• _WORK TASK_
Without the pictures, print the lines running from the beginning of the material to the line containing "Coccyx & Tailbone", both ends included.

• _GIVEN MATERIAL_
+++++
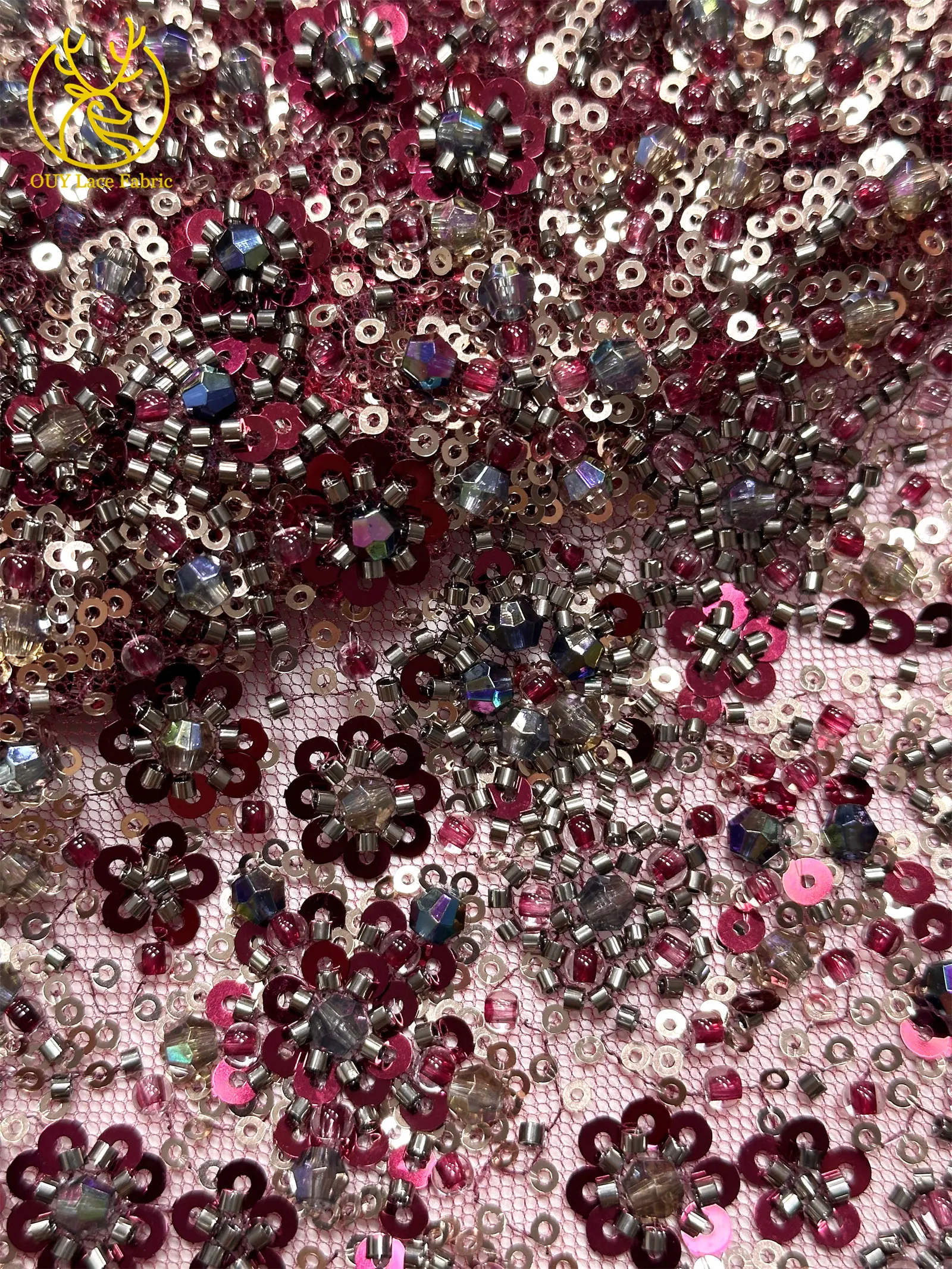 Eleganter und wunderschöner afrikanischer Perlen-Spitzenstoff 2026 Hochwertiger französischer Pailletten-Spitzenstoff für Damen-Abendkleider – Detail 30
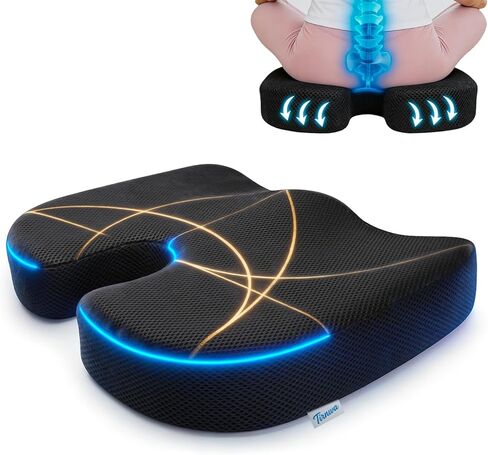 Coccyx & Tailbone Support Seat Cushion for Office & Car – Ergonomic U-Cutout Memory Foam for Sciatica, Pressure Relief, All-Day Comfort – Perfect for Desk Chair, Driving, Travel (Black) in Saudi Arabia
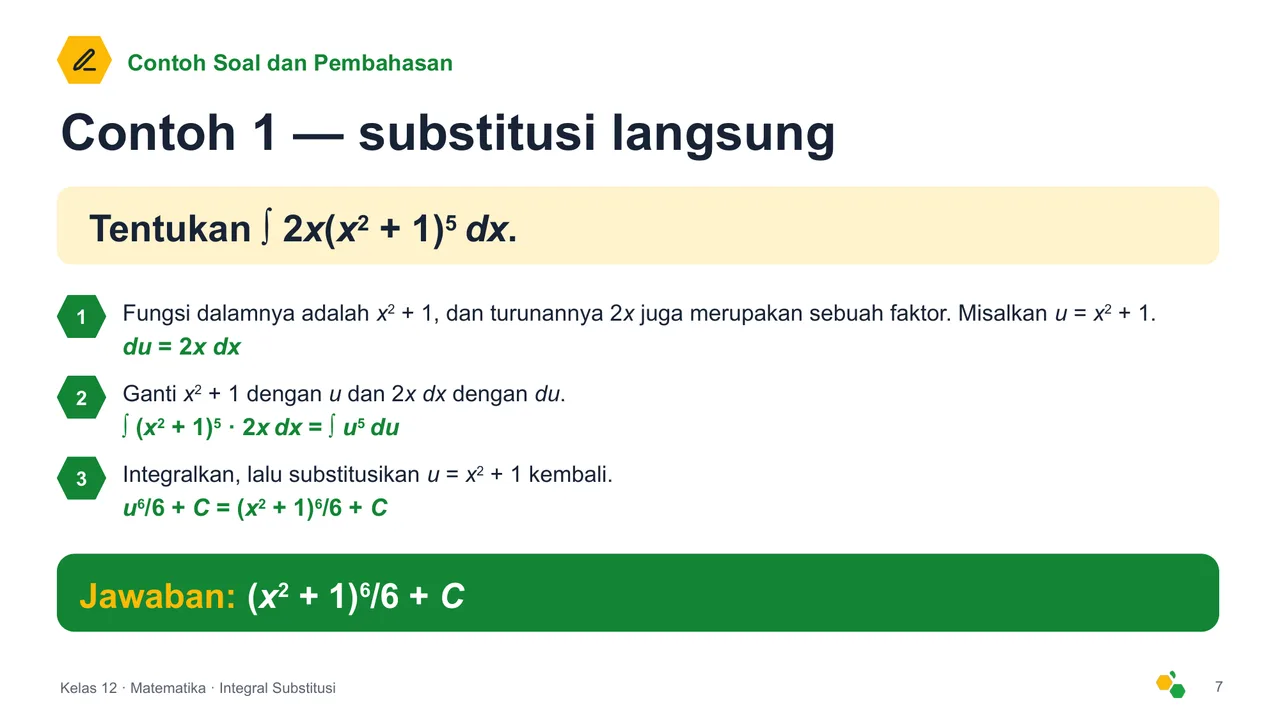 Integral Substitusi — Slide ke-8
+++++
• _RESULT OF THE TASK_
 Eleganter und wunderschöner afrikanischer Perlen-Spitzenstoff 2026 Hochwertiger französischer Pailletten-Spitzenstoff für Damen-Abendkleider – Detail 30
 Coccyx & Tailbone Support Seat Cushion for Office & Car – Ergonomic U-Cutout Memory Foam for Sciatica, Pressure Relief, All-Day Comfort – Perfect for Desk Chair, Driving, Travel (Black) in Saudi Arabia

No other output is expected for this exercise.